*Directions for this task:* Set down exactly the lines in the records below that run from the line with "Up and down" to the line with "FJ1 Suede zelene", inclusive, and nothing more.

*Data for processing:*
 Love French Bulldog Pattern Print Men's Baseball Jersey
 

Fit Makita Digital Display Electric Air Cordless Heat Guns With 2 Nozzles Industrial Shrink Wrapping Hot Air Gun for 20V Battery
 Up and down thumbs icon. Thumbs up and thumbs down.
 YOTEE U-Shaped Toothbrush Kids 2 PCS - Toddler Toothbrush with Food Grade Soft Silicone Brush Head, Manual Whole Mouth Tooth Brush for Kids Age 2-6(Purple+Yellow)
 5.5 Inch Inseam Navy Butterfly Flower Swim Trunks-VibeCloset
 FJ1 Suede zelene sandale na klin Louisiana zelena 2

--

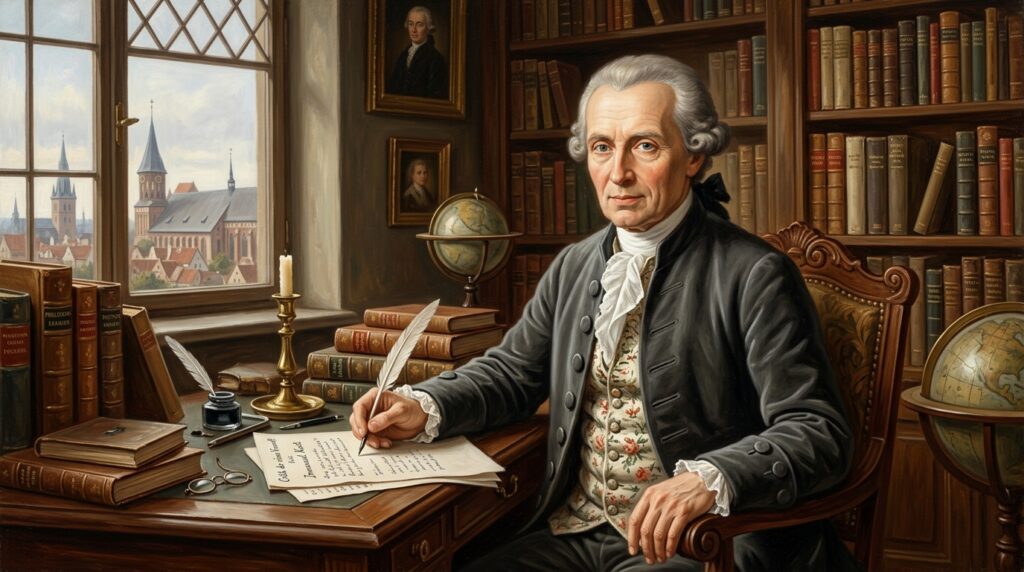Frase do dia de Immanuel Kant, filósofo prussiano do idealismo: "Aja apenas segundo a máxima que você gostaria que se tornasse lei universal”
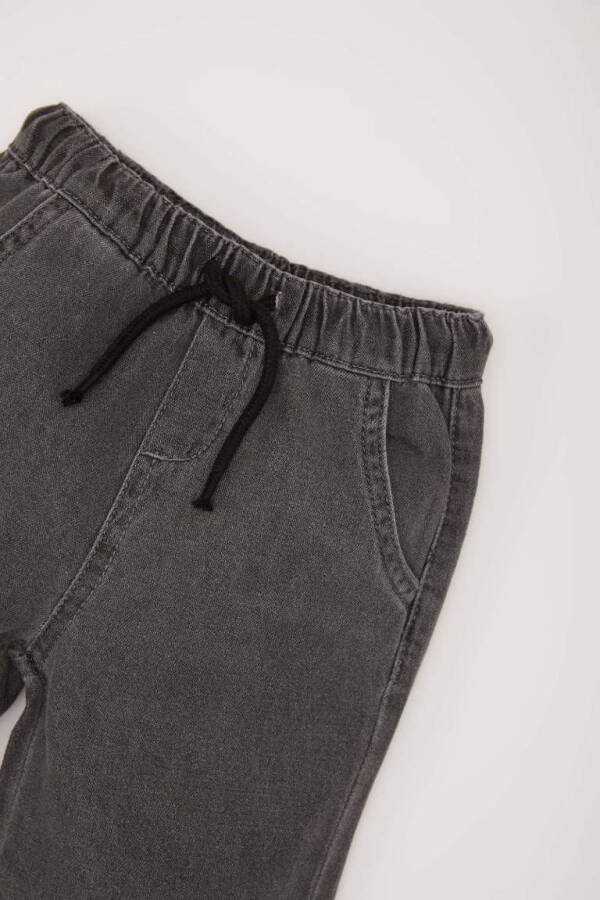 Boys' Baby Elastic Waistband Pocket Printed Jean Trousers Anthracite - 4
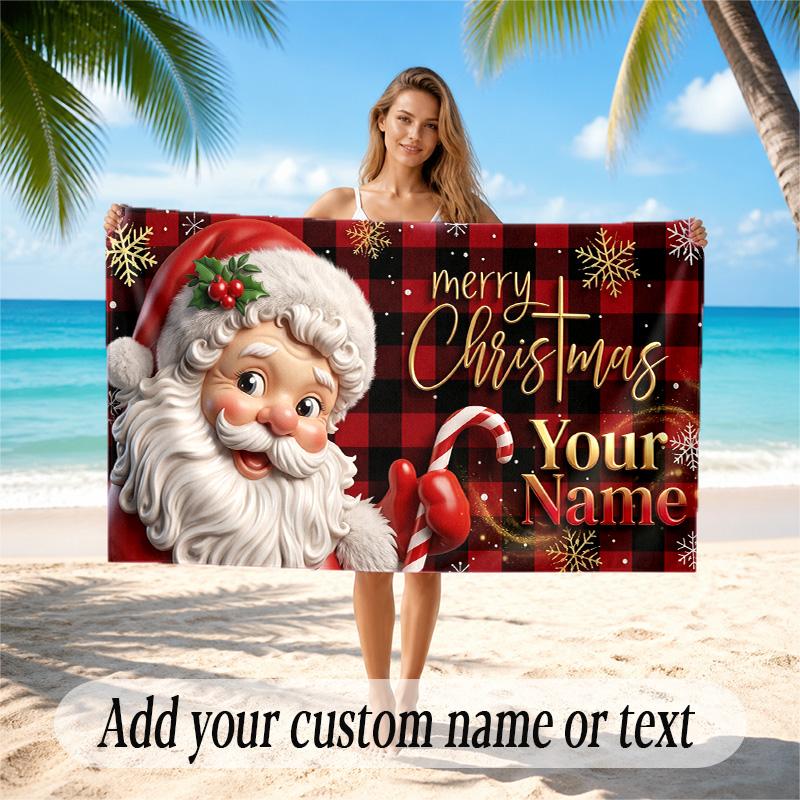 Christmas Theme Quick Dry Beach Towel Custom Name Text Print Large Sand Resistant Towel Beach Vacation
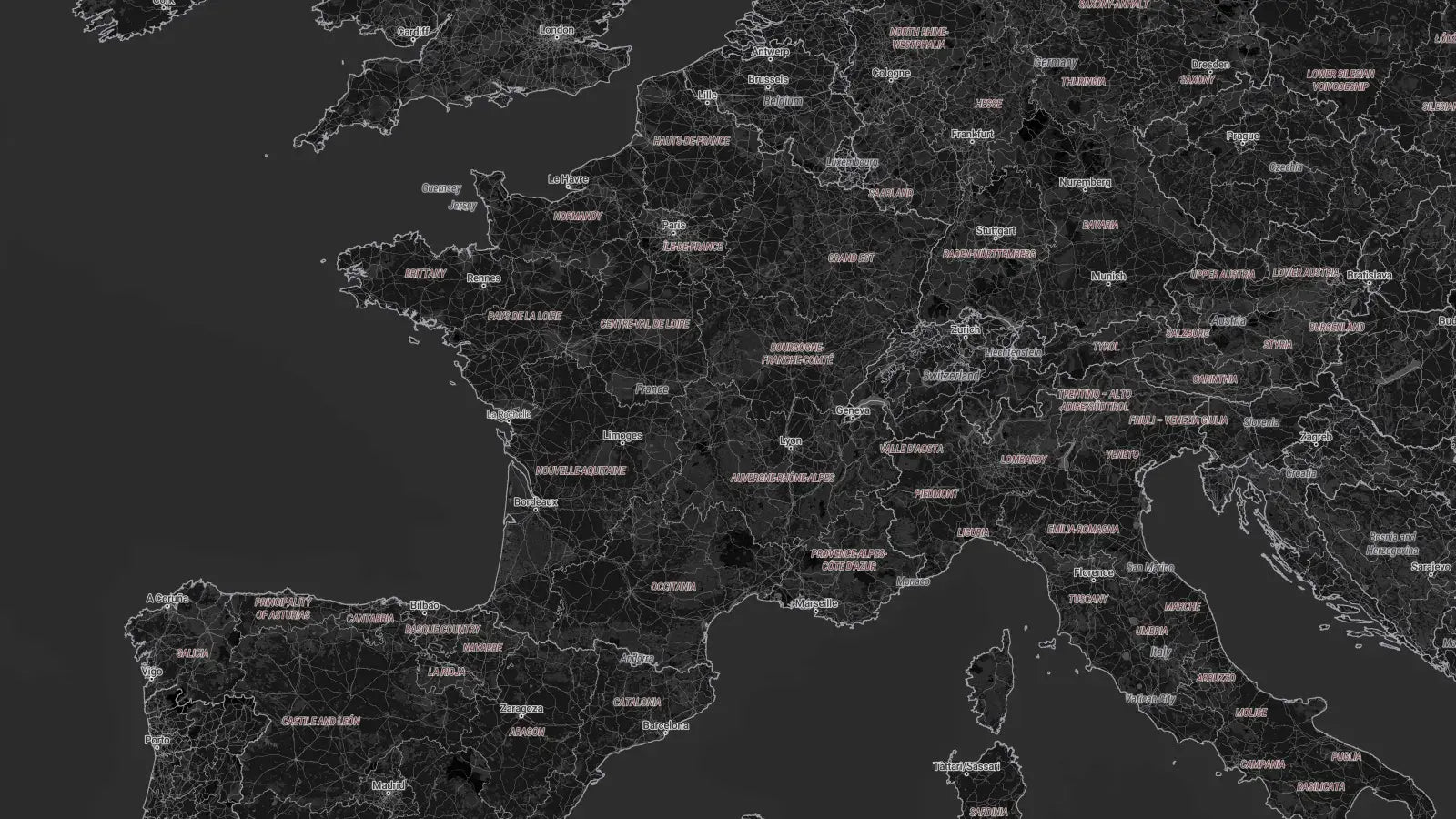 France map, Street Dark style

*Expected output:*
 Up and down thumbs icon. Thumbs up and thumbs down.
 YOTEE U-Shaped Toothbrush Kids 2 PCS - Toddler Toothbrush with Food Grade Soft Silicone Brush Head, Manual Whole Mouth Tooth Brush for Kids Age 2-6(Purple+Yellow)
 5.5 Inch Inseam Navy Butterfly Flower Swim Trunks-VibeCloset
 FJ1 Suede zelene sandale na klin Louisiana zelena 2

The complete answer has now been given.